The liquid ring also serves to carry away the heat from compression and from friction. This is another reason for the constant supply of seal water to the pump. The seal water is often cooled in a heat exchanger before entering the pump.

Figure 23
Liquid Ring Vacuum Pump

These pumps can be used instead of ejectors or in addition to ejectors. A liquid ring vacuum pump system is shown in Fig. 24. Sealing water is supplied to the vacuum pump via a seal water cooler. Gases are pumped out to a vent separator which knocks out any entrained seal water for reuse. Some of the seal water vaporizes and is carried out the discharge. The amount of water vaporizing increases as the vacuum increases. This is one of the limitations of vacuum pumps.

Figure 24
Liquid Ring Pump Vacuum System

Objective 8

Describe the purpose and flow of cooling water systems.

PURPOSE OF COOLING WATER SYSTEMS

The purpose of the cooling water system is to condense the exhaust steam entering the condenser from the steam turbine or steam engine and to remove this exhaust heat from the condenser and deposit it in a heat sink. The heat sink may be a river, lake, cooling pond, or a cooling tower.

COOLING WATER FLOW PATHS

The cooling water, circulated through the condenser, may come from a river, lake, or an estuary. In these cases, the cooling water makes one pass through the cooling water system and then it is discharged back into the lake or river. The fresh supply of cooling water is taken from another part of the lake or river. This type of cooling water system is the most economical to build and operate provided the water supply is adequate to supply the cooling water requirements of the operation.

If the supply of cooling water is limited, it is circulated through a closed system which provides some means of cooling the water after leaving the condenser. The methods used to cool the water are cooling ponds or cooling towers. With this type of system, the only water required from a nearby river or lake, is makeup water, to make up for losses due to evaporation, leaks in the cooling water system and blowdown losses.

If a cooling pond is used, then the water is pumped from the cooling pond through the condenser and back out to the pond. If the pond is not large enough to adequately cool the water, water sprays are installed in the pond or in the canal leading to the pond. The design of the cooling ponds will be discussed later in this module.

If a cooling tower is used, the water is pumped from the basin of the cooling tower through the condenser and back to the cooling tower.

Objective 9

Describe the purpose, principle and design of cooling water intake screens, circulating pumps, cooling towers, and cooling ponds.

COOLING WATER INTAKE SCREENS PURPOSE

The purpose of the cooling water intake screens is to prevent foreign material such as rocks, pieces of wood, weeds, or anything else that can damage the cooling water pumps from getting into the pumps. Another reason for intake screens is to prevent foreign material from which can plug up or damage the condenser tubes.

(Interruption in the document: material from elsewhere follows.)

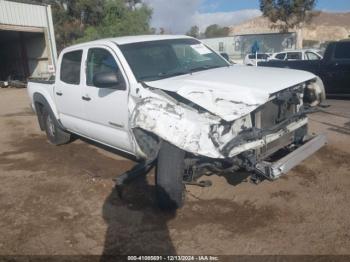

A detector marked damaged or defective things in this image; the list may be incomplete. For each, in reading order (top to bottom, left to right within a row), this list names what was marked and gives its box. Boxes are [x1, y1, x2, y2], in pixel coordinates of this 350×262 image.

crumpled hood [146, 66, 316, 122]
severe front damage [129, 65, 328, 180]
destroyed front bumper [254, 133, 326, 180]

PRINCIPLE AND DESIGN OF COOLING WATER INTAKE SCREENS

The cooling water intake screen is designed to provide adequate screening of the cooling water with a minimum pressure drop across the screen when the cooling water flow is at maximum rates. The screen also prevents turbulent flow to the suction of the pump, even if the intake screen becomes partially plugged with foreign material. The mesh size is usually 3 mm to 12 mm. There are various types of cooling water intake screens in use. The following two types will be discussed in this lecture:

• • Travelling Screen -Through-flow
• • Travelling Screen – Dual-Flow

Travelling Screen – Through-Flow

A belt type of travelling screen is shown in Fig. 25. The screen has a number of panels joined together in the form of a belt. This belt screen is attached to a sprocket at each end, and the top sprocket is the driver. The debris is collected on the ascending screen panels. These panels move through an area above the operating floor where water jets remove the debris collected from the cooling water and deposit it into collection troughs. The clean panels then move downwards through the screened effluent going to the pumps and back up through the incoming water.

The disadvantage of this screen is carry-over of debris to the pump side of the screen. As the filtered water flows backward through the descending panels on the pump side of the screen, it may dislodge any debris the water jets have not removed from the filtering panels. The debris then flows downstream to the pumps and condensers which can cause damage to this equipment.

Figure 25
Travelling Screen (US Filter)

Travelling Screen – Dual-Flow

A picture of the dual-flow filter is shown in Fig. 26.

Figure 26
Travelling Screen Dual-Flow (US Filter)

This is also a belt type of screen. The influent water flow goes through both the ascending and descending panels, and the screened effluent exits from the centre of the screen. Therefore, only clean screened water is allowed to flow downstream to the pump. The water jets used to clean the debris from the panels are above the operating floor which is similar to the through-flow design.

The advantages of dual-flow screen over the through-flow screen are:

• • Water passes through the screen panels in one direction only. Therefore, there is no chance of debris getting into the pumps and the cooling water system.
• • The only way debris can be carried over with this screen is if one of the panels breaks.
• • Debris the water jets do not clean from the screens returns to the influent water flow, and the next cleaning cycle removes it.
• • The ascending and descending panels remove debris, so the screen size for a given screening area can be reduced. This results in a lower initial cost and lower total screen weight.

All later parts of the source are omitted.